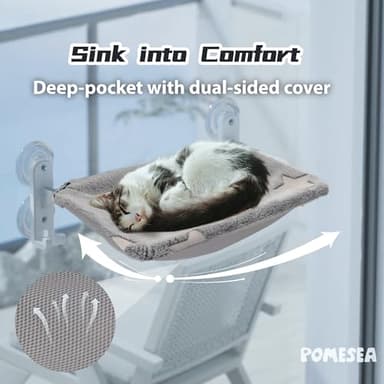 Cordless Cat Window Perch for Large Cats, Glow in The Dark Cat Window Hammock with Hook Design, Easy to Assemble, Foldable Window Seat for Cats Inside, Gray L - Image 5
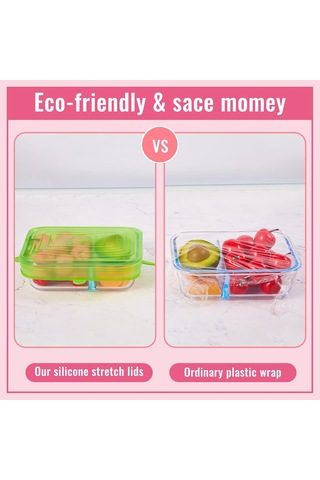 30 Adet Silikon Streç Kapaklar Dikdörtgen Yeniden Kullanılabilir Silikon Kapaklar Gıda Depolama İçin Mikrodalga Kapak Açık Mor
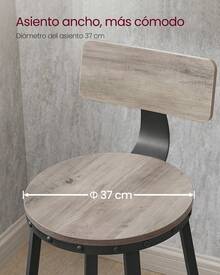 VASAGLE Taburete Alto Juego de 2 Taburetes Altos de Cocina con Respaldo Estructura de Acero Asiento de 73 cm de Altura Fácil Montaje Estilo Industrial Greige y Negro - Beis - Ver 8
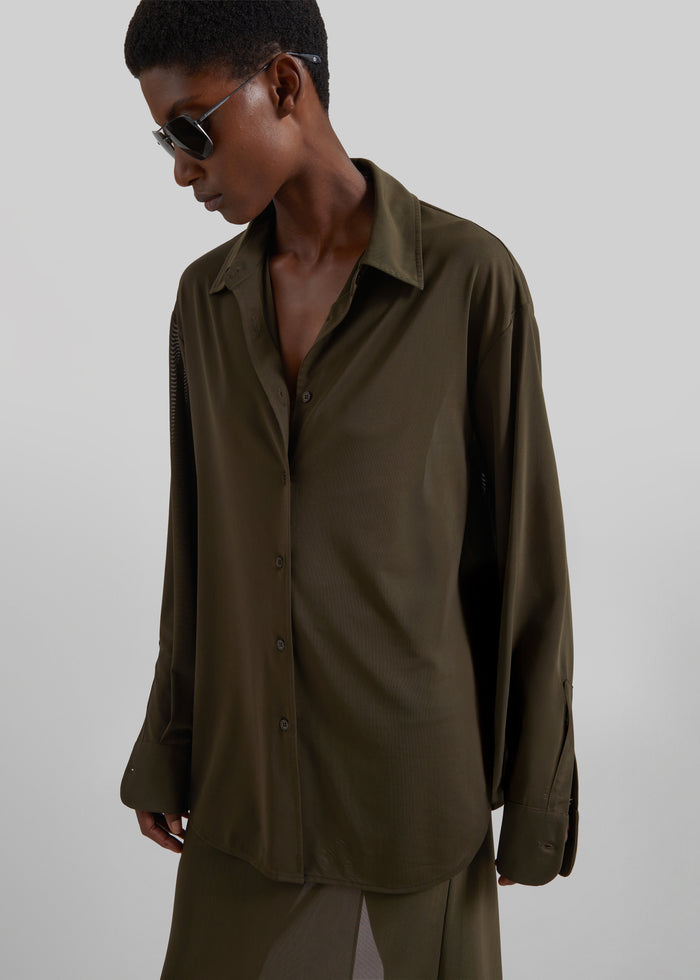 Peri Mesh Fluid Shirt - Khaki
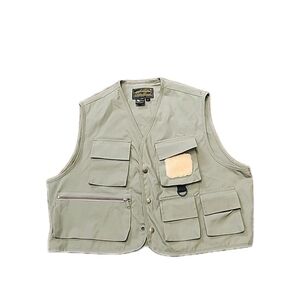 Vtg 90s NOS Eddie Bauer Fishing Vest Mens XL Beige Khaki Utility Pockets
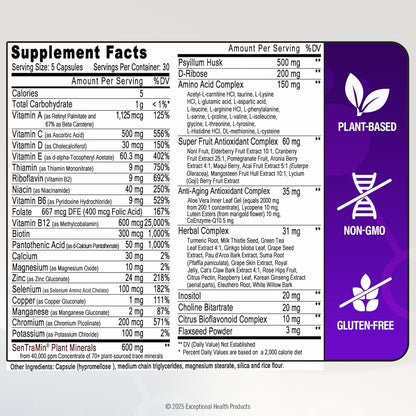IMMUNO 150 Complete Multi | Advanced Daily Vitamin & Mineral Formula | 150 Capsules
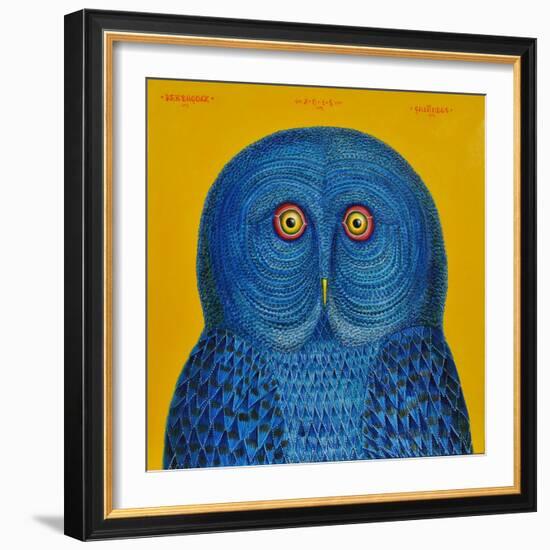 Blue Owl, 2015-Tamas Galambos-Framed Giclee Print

☆ ☆ ☆ ☆ ☆ ☆ ☆

### Assigned task
Output each record verbatim, but skip anything that is a picture.

### Answer to the exercise
 Cordless Cat Window Perch for Large Cats, Glow in The Dark Cat Window Hammock with Hook Design, Easy to Assemble, Foldable Window Seat for Cats Inside, Gray L - Image 5
 30 Adet Silikon Streç Kapaklar Dikdörtgen Yeniden Kullanılabilir Silikon Kapaklar Gıda Depolama İçin Mikrodalga Kapak Açık Mor
 VASAGLE Taburete Alto Juego de 2 Taburetes Altos de Cocina con Respaldo Estructura de Acero Asiento de 73 cm de Altura Fácil Montaje Estilo Industrial Greige y Negro - Beis - Ver 8
 Peri Mesh Fluid Shirt - Khaki
 Vtg 90s NOS Eddie Bauer Fishing Vest Mens XL Beige Khaki Utility Pockets
IMMUNO 150 Complete Multi | Advanced Daily Vitamin & Mineral Formula | 150 Capsules
 Blue Owl, 2015-Tamas Galambos-Framed Giclee Print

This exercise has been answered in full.